THE DISTRIBUTION OF FAILURES ACCORDING TO THE AGE
AND THE SEMESTER OF THEIR OCCURRENCE[A]

[A] The expression of the above facts in terms of percentages for each age group was found to be difficult, since failures and not pupils are designated. But the total failures for each age group are expressed (on [p. 36]) as percentages of the entire number of subjects taken by these pupils for the semesters in which they failed. Such percentages increase as the ages rise. A similar statement of the percentages of failure by semesters will be found on [p. 41].

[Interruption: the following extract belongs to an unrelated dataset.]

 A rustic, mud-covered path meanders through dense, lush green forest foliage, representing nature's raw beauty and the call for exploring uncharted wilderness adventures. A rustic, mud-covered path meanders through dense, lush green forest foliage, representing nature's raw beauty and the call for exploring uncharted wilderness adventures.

[Table I] reads: the boys had 20 failures and the girls had 19 failures in the first semester and at the age of thirteen; in the second semester, at the age of thirteen, the boys had 2 failures and the girls 6. For each semester, the first line represents boys, the second line girls. There is a total of 17,960 failures listed in this table. In addition to this number there are 1,947 uncompleted grades for the failing non-graduates. The semesters were frequently completed by such pupils but the records were left incomplete. Their previous records and their prospects of further partial or complete failure seem to justify an estimate of 55 per cent (1,070) of these uncompleted grades as either tentative or actual but unrecorded failures. Therefore we virtually have 1,070 other failures belonging to these pupils which are not included in [Table I]. Accordingly, since the number can only be estimated, the fact that they are not incorporated in that table suggests that the information which it discloses is something less than a full statement of the school failures for these pupils. In the distribution of the totals for ages, the mode appears plainly at 16, but with an evident skewness toward the upper ages. The failures for the years 16, 17, and 18, when added together, form 68.1 per cent of the total failures. If those for 15 years are also included, the result is 86 per cent of the total. Of the total failures, 65.7 per cent are found in the first two years (11,801 out of the total of 17,960). But the really striking fact is that 34.3 per cent of the failures occur after the end of the first two years, after 52.2 per cent of the pupils are gone, and with other hundreds leaving in each succeeding semester before even the end of the eighth. In [Table II] we have similar facts for the pupils who graduate.

TABLE II

THE DISTRIBUTION OF FAILURES ACCORDING TO THE AGES
AND THE SEMESTERS OF THEIR OCCURRENCE FOR THE GRADUATING PUPILS

In the facts which are involved and in the manner of reading them, this table is similar to [Table I]. The mode of the distribution of totals for the ages is at 17 in this table. Further reference will be made to both Tables [I] and [II] in later chapters of this study. (See pages [36], [37], [41], [42]).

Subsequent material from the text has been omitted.